Evaluate every stage of the business and decide how many growth-oriented teams you need. Adjust your team to success with the right goals, effective growth indicators, and support from leaders and key stakeholders.  

One way to view growth from a company’s point of view is to place it at the center of the universe, but depending on what part of your business you are in, you may find that growth teams overlap with them. If you have a growth team reporting to a functional manager such as Marketing or Product, the easiest way to achieve a unique growth goal is to have clear and unambiguous responsibilities. This not only increases the potential for downsizing on the road, but also involves departments involved in marketing and related activities.  

The growth process only occurs when you have a solid product on the market. Once you have found a market that suits your product, you can enlist the help of a growth team to use data analysis, qualitative research and experimentation to understand what discourages people from buying and using your product, and how your business can reduce friction.  

By communicating new solutions to your growth marketers, you ensure that your growth team has the necessary number of users to test hypotheses and to make data-driven decisions. Customer satisfaction creates a company that invests in maintaining customer needs.  

Marketing at the top of the funnel involves examining the impact of individual advertising channels on performance metrics such as lead traffic, e-mails, opt-ins and sales. In the past, marketing teams focused on the top of the funnel by measuring impressions, thought shares and leads.  

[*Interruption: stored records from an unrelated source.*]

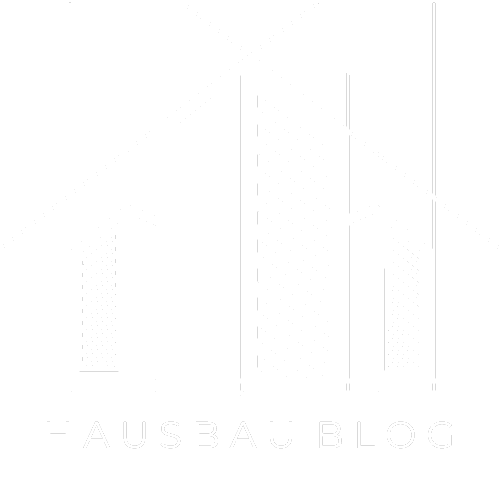 Hausbau Blog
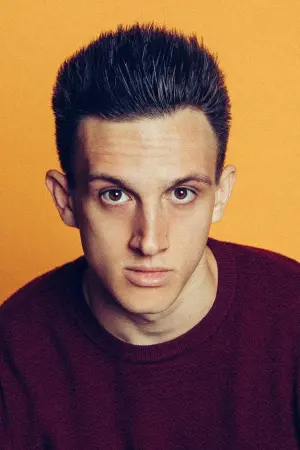 Фото Олександр Арцен #75343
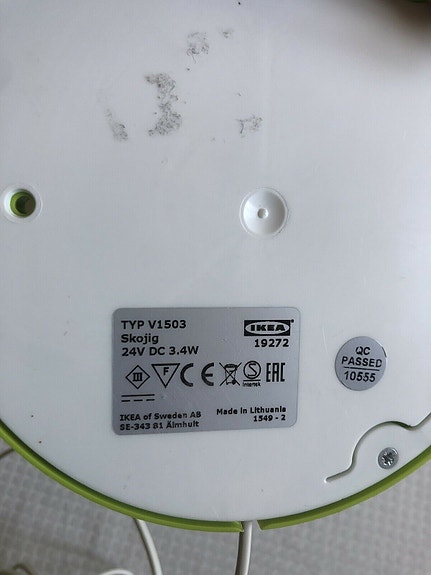 Product image 6 of 6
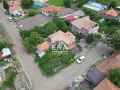 Продава КЪЩА, гр. Бургас, гр. Българово, снимка 2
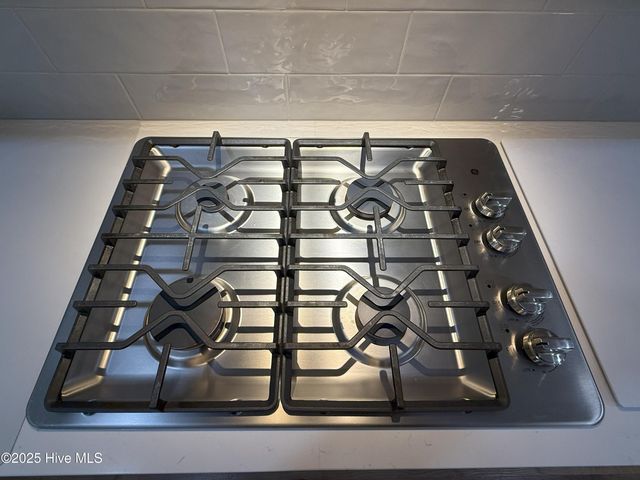 4271 Nc 99 Highway N, Pantego, NC 27860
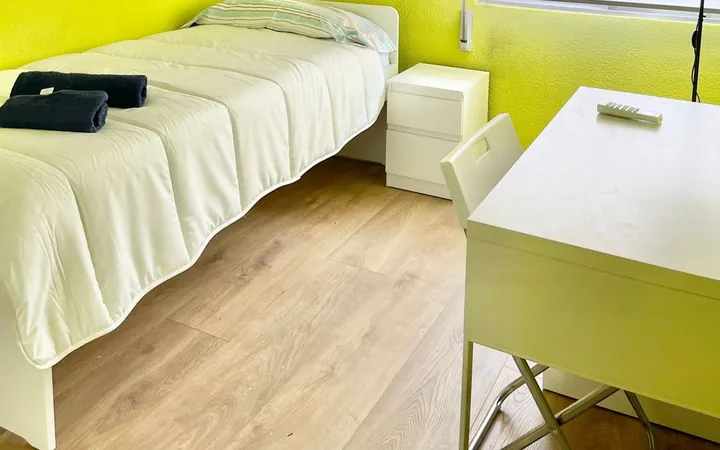 Piso en Calle de José de Cadalso, 54, Águilas - Foto 13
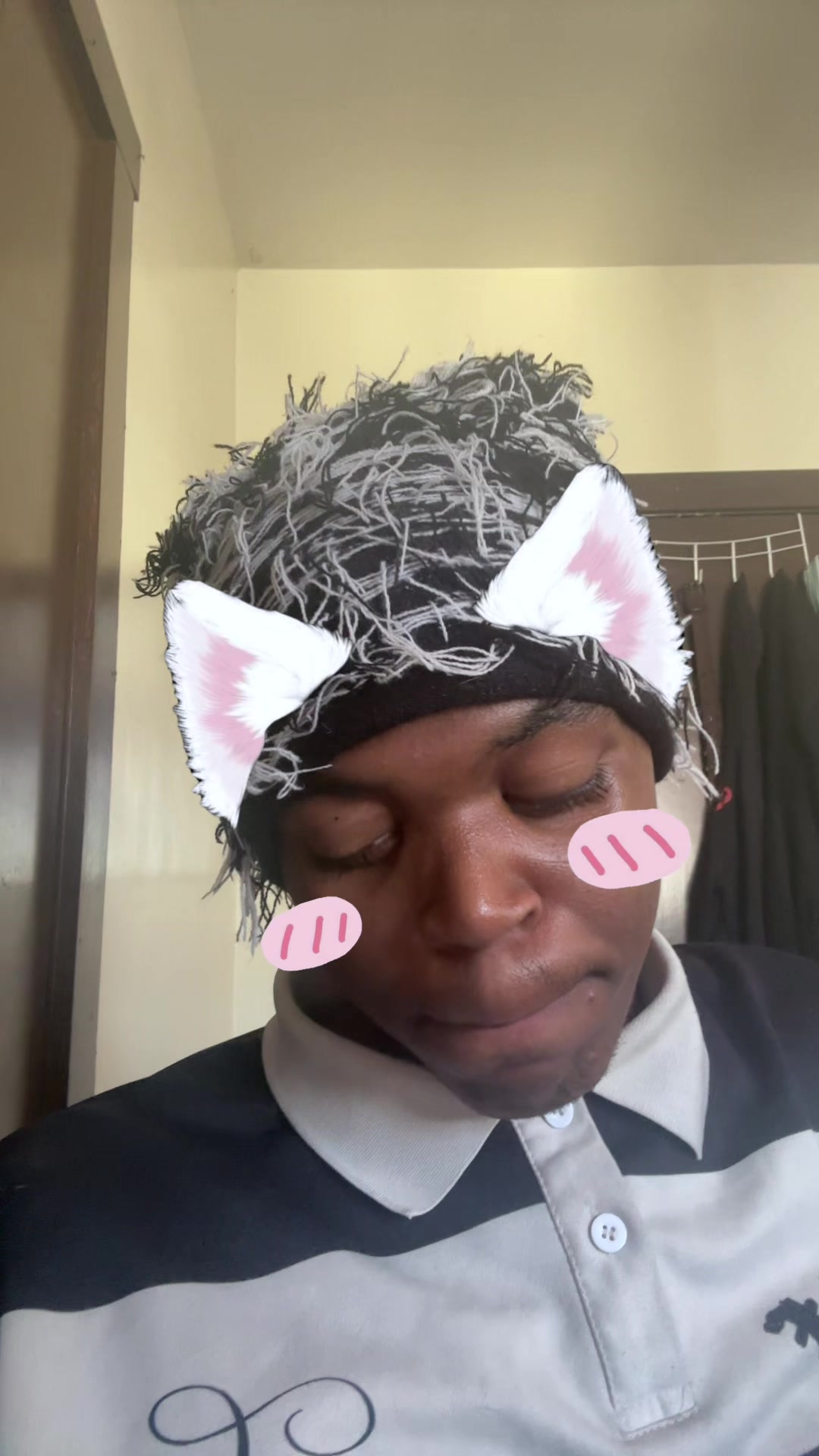@zuppy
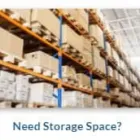 Business 3 image DEAN COURIER SERVICE LTD Shopping & Retail in Birmingham We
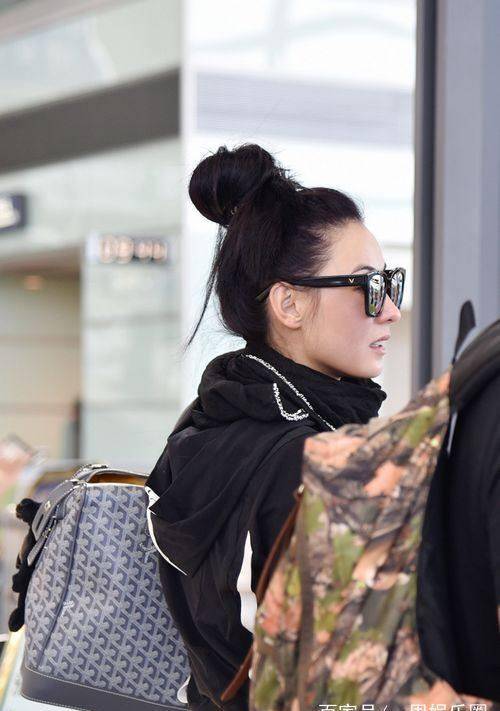 38���Ű�֥���������������Ƥ������͸�죬������������ ...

Modern industry leaders such as Uber and Facebook have adopted hybrid practices, with marketers, engineers, analysts, and product designers working hand in hand to add value to the organization. Other companies such as Uber, Airbnb and Slack have started separate growth teams and merged them into product teams.  

Advocates of this approach often point out that it is critical that product and growth teams are in the same organization. Growth teams can experiment and make subtle changes to the product to spur growth, and that becomes even more important on a scale.  

In other cases, they may have a dedicated team or multiple dedicated growth teams in growth hacking agencies. Discuss whether multiple roles should be covered by a single employee, or if a few people should do the same job. If the company’s marketing team is responsible for user acquisition and the associated budget, it should be the standard department within the growth team.  

The idea came from several sources: interviews and discussions with people who lead growth teams in places like Slack, Dropbox, HubSpot, Pinterest and others as well as my own personal experiences at Uber. Teams should focus on making a difference in the first few days. The difference in the skills of individual practitioners within an org can be between functions such as product and marketing.  

In the Y Combinators Continuity Team, I get a lot of questions from founders about formalizing growth. Everybody is eager to understand how to recruit a dedicated Growth Product Manager ( PM ) and how to structure a growth team to grow over time.  

Growth is the most misunderstood and unknown function in most companies. Beyond the basic distinctions between growth, product, and marketing, there is a lot of confusion about what a growth team looks like.